One-hundred percent. I should say, I don’t know. It’s definitely a different time. When we were shooting “Kyle XY,” I still had agents at the time and people telling me that I had to hide being gay and had to work with a speech coach and go on carpets with a girl on my arm. We were just in a very different point in society than we are now. I was in my early 20s, I had finally just had my first taste of real success, and felt like I could accomplish what I had come to L.A. to do but like it was all being taken away from me. I was so afraid of that happening, because I had so many people in my head telling me how to act and how to behave.
I was afraid to come out. Sure, people still are today. But I do think as a society and an industry we have come so far. Now, we celebrate individuality. Especially in the industry, we still have a ways to go. We still don’t see openly gay actors play leading men roles. You have “Love, Simon,” but we don’t have an openly gay actor playing a superhero yet or playing a “Mission: Impossible” character.
In 2006, you appeared on “The Howard Stern Show” and denied claims Perez Hilton had made that you were gay. Have you followed up with Howard on this?
(Laughs) No. That was the last time I spoke to him. Dude, that was just the worst day of my life. I woke up – it was 3 a.m. Los Angeles time – to do this interview. I was so unprepared to go on “Howard Stern,” and I should’ve known better. My publicist told me at the time – promised me, swore up and down – that he would not bring up the whole gay thing. It wasn’t even a minute or two, and the whole interview became about it.
Fifteen minutes of you being asked how many women you’d slept with.
It was brutal. I remember sweating and being so nervous the whole interview because I was just not prepared to handle that. I was so naive, everything. And I literally hung up from that and went and crawled in bed under the blanket and would not get up that entire day. I just should not have taken that interview to begin with, but I was like, “Howard Stern! My dad loves Howard Stern! I’m gonna do his show!” And I was most embarrassed for my dad to hear it, more than anybody else. I was just like, “Ugh, my dad listening to me go on for 15 minutes about all the girls I slept with in high school.” (Laughs) I can laugh about it now.

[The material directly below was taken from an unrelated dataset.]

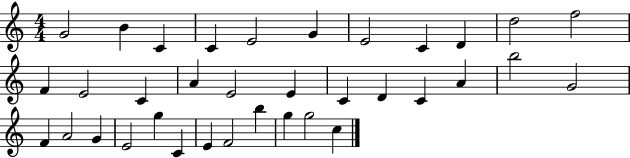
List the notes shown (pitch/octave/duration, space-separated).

G4/h B4/q C4/q C4/q E4/h G4/q E4/h C4/q D4/q D5/h F5/h F4/q E4/h C4/q A4/q E4/h E4/q C4/q D4/q C4/q A4/q B5/h G4/h F4/q A4/h G4/q E4/h G5/q C4/q E4/q F4/h B5/q G5/q G5/h C5/q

Do you think LGBTQ actors are still forced to stay in the closet by Hollywood handlers?
Yeah, I’m sure, but we’re in a different place now. As a society, we’re more used to talking about it. So, these actors have seen other people go through this already; there are a lot more openly gay actors and more options of how to handle it now than there was then, when it was so swept under the rug. There was no blueprint.